There are a group of people in our great nation who are deeply troubled, especially since the election result last Thursday. Are you one of them?
What can you do to salve the painful feelings of rejection and humiliation you must be experiencing? You may have tried a number of things already to comfort yourself and salvage your sanity.
Perhaps you've already posted a sanctimonious FB message expressing your disappointment at the obvious moral and intellectual shortcomings of those 11.3 million voters who don't share your superior brand of politics.

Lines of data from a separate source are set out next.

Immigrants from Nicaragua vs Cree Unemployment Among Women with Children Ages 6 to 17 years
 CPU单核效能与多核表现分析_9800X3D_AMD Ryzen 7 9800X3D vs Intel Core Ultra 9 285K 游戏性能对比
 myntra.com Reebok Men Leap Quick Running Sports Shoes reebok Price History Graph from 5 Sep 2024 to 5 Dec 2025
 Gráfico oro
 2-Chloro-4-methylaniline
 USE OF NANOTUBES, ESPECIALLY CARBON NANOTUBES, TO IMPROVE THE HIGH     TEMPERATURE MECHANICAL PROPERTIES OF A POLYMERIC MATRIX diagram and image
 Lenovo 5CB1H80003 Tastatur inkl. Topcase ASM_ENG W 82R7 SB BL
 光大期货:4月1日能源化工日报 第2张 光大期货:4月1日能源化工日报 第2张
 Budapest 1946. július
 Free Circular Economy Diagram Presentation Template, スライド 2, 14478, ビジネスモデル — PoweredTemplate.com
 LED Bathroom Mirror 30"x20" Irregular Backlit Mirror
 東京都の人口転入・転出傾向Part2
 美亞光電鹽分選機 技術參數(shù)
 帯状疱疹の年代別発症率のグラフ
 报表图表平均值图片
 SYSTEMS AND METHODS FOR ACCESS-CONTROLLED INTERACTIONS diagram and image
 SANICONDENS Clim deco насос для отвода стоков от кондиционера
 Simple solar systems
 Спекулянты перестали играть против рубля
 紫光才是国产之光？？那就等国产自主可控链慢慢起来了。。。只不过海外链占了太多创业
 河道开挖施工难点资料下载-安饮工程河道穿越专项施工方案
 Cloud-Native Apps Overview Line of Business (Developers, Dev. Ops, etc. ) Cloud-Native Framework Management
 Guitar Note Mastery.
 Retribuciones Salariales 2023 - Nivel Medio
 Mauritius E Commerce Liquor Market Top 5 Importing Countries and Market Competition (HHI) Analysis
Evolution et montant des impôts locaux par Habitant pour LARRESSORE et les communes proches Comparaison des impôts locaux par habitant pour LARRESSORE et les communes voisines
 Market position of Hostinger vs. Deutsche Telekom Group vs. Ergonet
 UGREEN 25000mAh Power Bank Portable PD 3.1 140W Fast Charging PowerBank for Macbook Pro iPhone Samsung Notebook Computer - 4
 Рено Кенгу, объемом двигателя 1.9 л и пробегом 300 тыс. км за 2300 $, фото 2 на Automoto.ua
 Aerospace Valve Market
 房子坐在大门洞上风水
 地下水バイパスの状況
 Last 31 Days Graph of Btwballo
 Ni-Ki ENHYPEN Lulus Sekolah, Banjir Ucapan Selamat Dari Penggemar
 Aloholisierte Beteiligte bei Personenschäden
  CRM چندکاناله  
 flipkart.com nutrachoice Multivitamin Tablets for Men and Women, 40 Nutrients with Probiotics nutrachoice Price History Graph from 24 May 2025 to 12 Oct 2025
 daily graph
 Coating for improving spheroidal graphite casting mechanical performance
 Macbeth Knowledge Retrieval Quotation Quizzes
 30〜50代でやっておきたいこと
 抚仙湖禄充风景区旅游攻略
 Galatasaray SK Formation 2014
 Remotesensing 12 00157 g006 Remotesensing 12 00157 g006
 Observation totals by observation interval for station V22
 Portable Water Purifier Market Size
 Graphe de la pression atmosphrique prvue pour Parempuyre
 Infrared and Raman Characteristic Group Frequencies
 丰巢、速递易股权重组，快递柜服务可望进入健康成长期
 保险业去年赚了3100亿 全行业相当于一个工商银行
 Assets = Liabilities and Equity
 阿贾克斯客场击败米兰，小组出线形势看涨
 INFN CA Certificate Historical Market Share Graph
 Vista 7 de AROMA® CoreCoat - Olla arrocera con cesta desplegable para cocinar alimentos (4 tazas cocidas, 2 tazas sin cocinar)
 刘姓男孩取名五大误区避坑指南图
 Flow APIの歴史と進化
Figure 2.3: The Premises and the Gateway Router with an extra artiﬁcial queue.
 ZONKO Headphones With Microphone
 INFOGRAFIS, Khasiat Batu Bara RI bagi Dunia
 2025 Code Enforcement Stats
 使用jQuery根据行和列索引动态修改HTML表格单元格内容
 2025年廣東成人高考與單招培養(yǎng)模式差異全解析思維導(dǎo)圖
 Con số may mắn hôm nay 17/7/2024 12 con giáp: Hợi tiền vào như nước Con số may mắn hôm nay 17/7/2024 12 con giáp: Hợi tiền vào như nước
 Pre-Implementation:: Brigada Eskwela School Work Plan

Perhaps you've already warned your Twitter followers not to bother turning up to NHS appointments as the organisation no longer exists or where it does they'd better take a credit card.
Surely you've reposted a letter from a left wing reverend or an "11 year old girl", or some such, to David Cameron imploring him not the exterminate poor people or introduce hunting of the disabled, like we all know he wants to... the bastard.
You've probably posted memes calling for a change in electoral system to one that might deliver more palatable results for you in the future.
You almost certainly would have pointed out it's all the fault of the "Tory press" and that even the BBC didn't play its part in promoting Labour seriously enough.
You simply must have signed up to some kind of anti-Tory manifesto.
You may even have had a bit of a riot and wittily defaced a monument to war heroes with the words "Tory scum!", such is your understandable anger at this disgustingly unacceptable democratic outcome.
If you've done all these things and still feel down, never fear. The Guardian have provided counselling advice from a psychotherapist for all those tender hearts that have been "traumatised by the election result"...
http://www.theguardian.com/politics/2015/may/10/traumatised-by-the-election-result-a-psychotherapists-recovery-guide
No, really, this is an actual thing. Please do read it, even though, at first, you'll think it must be a spoof. As with everything written in The Guardian, it's achingly (self-)righteously worthy advice.